Program Synopsis: Small Business Innovation Research (SBIR) Program
The Small Business Innovation Research (SBIR) program at the U.S. Department of Agriculture (USDA) makes competitively awarded grants that are to qualified small businesses to support high quality, advanced concepts research related to important scientific problems and opportunities in agriculture that could lead to significant public benefit if successful.
The objectives of the SBIR Program are to:
stimulate technological innovations in the private sector;
strengthen the role of small businesses in meeting Federal research and development needs;
increase private sector commercialization of innovations derived from USDA-supported research and development efforts; and
foster and encourage participation by women-owned and socially and economically disadvantaged small business firms in technological innovations.
The USDA SBIR program office directs all activities required under the SBIR law and executes the policy established by the Small Business Administration. The SBIR program at USDA is administered exclusively by the National Institute of Food and Agriculture (NIFA). SBIR program awards are based on the scientific and technical merit of investigator initiated ideas. The SBIR Program does not make loans and does not award grants for the purpose of helping a business get established.
SBIR Phase I grants are limited to $100,000 and duration of 8 months and are open to any small business concern that meets the SBIR eligibility requirements. SBIR Phase II grants are limited to $450,000 and duration of 24 months and are only open to previous Phase I awardees. SBIR program funds are allocated in proportion to the number of proposals received over 10 broad topic areas. Proposals are reviewed through a confidential peer review process using outside experts from nonprofit organizations. All applicants receive verbatim copies of reviews.
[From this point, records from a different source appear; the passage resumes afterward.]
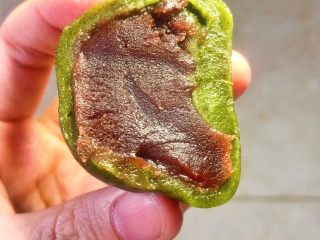 8、㊙️无澄粉，无粘米粉‼️也可以做的网红豆沙青团,切开一个尝一下，特别好吃，青团的清香加上豆沙的甜香，就是春天的味道。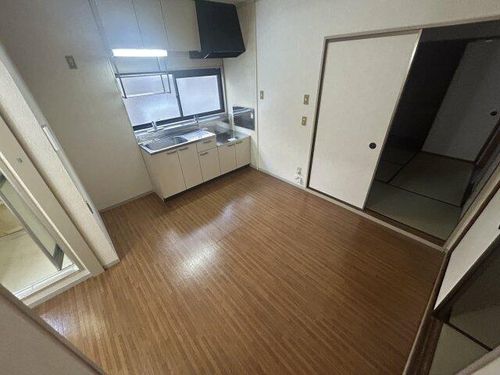 ハイネス北平野B103の居間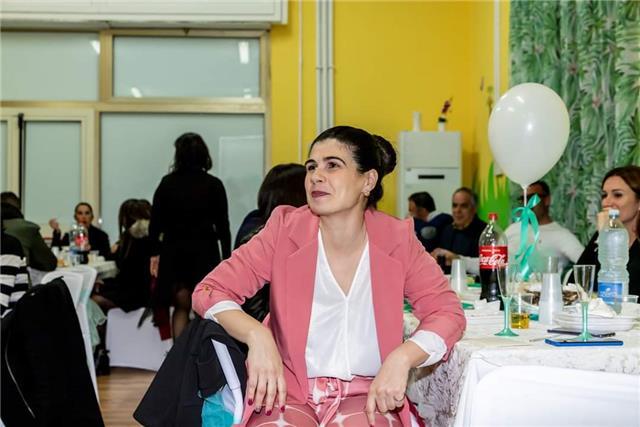 Laureanda in economia offre lezioni di matematica fino alla quinta superiore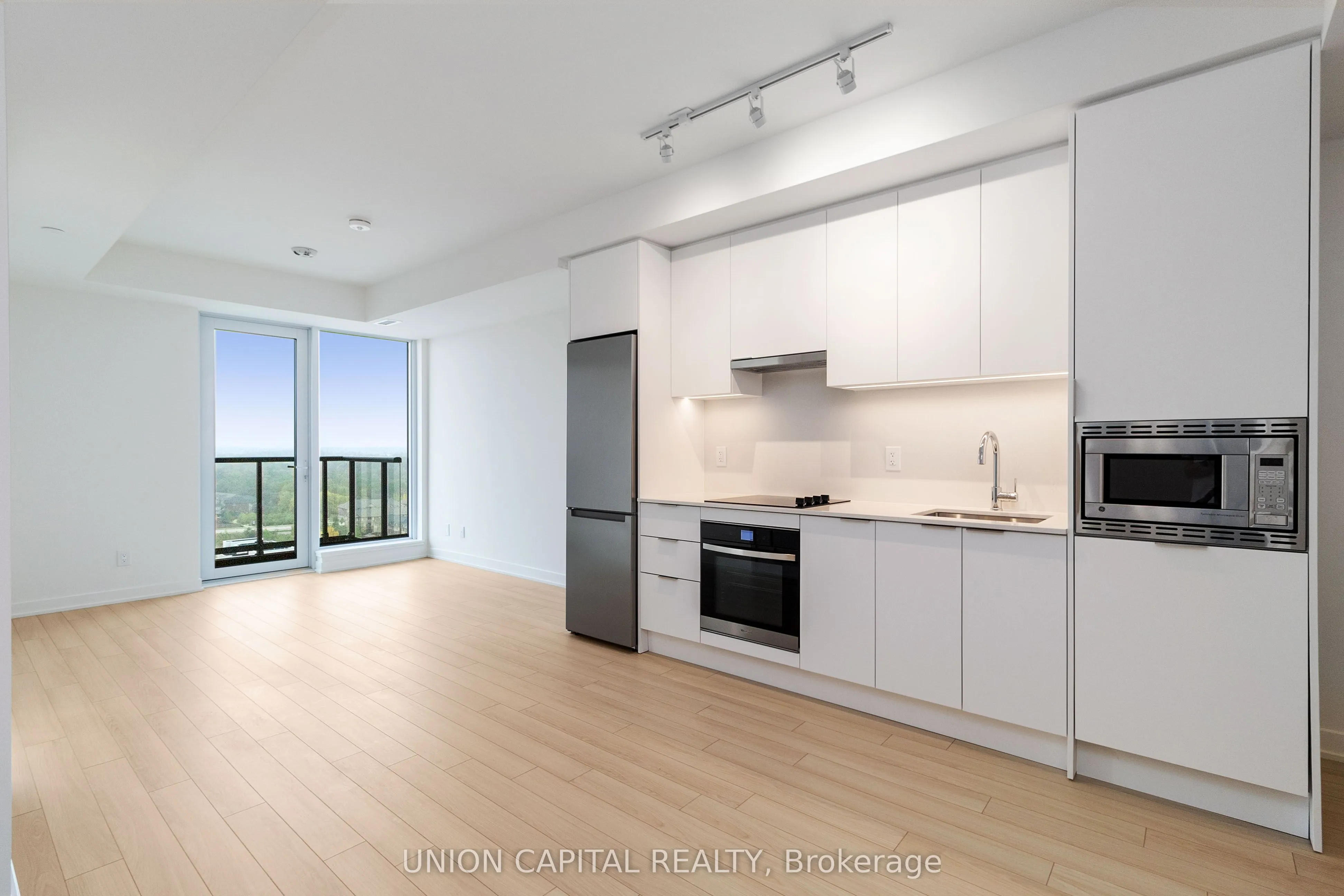 3079 TRAFRALGAR Road, #1605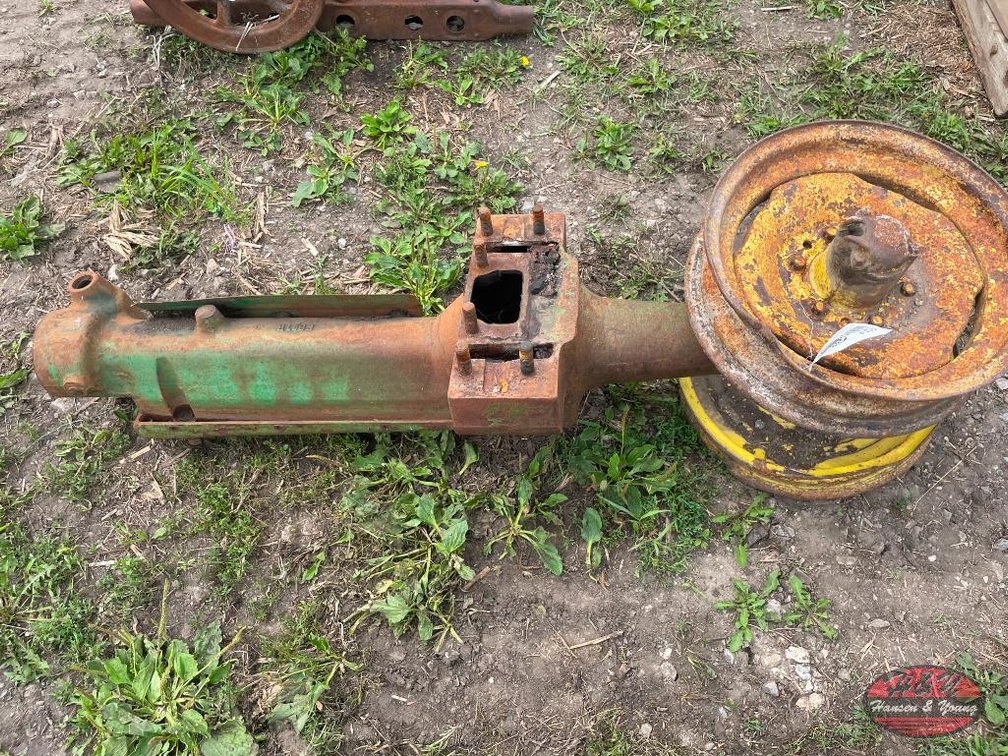 John Deere G Front Pedestal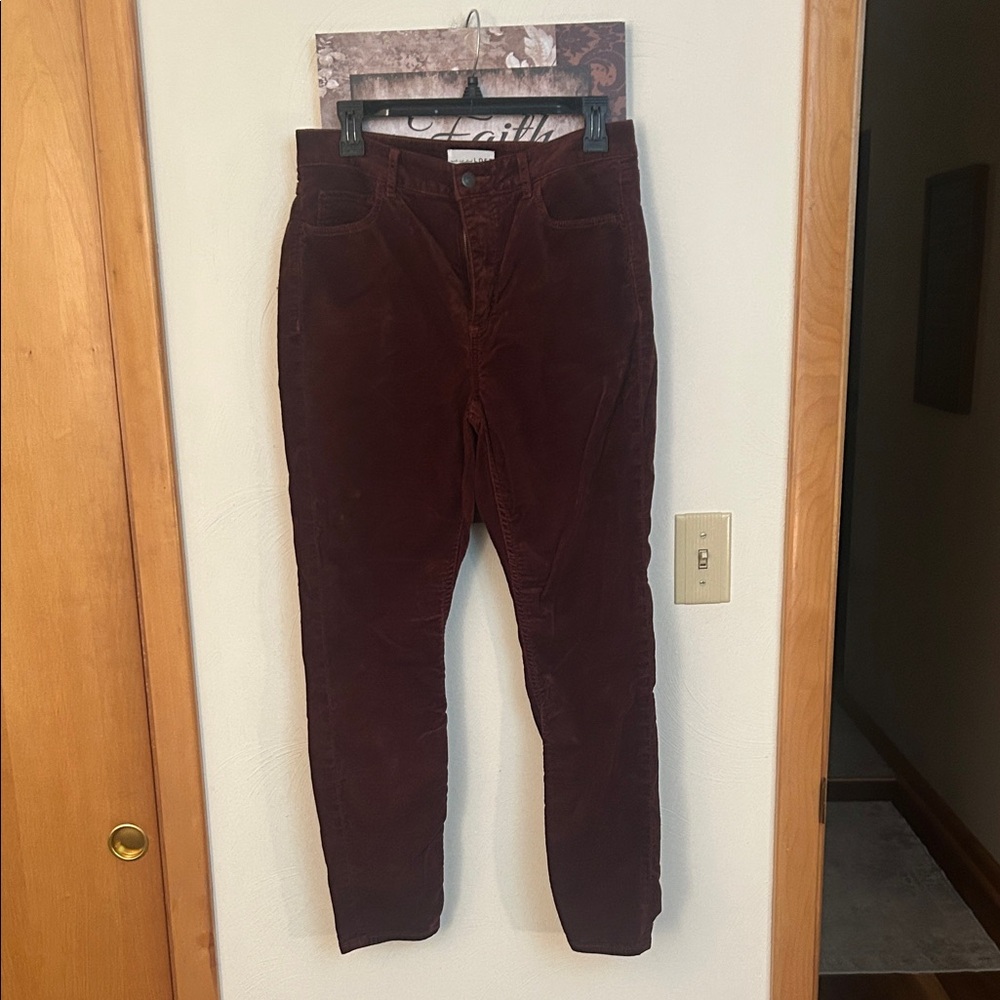 Loft burgundy velvet skinny pants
Participation by university faculty or government scientists in SBIR projects is strongly encouraged. They can serve as consultants or can receive a subcontract (in both cases limited to no more than 1/3 of the Phase I award or 1/2 of the Phase II award) and continue to work full time at their institution. University faculty or government scientists can also serve as a PI if they reduce employment at their institution to 49 percent for the duration of the grant.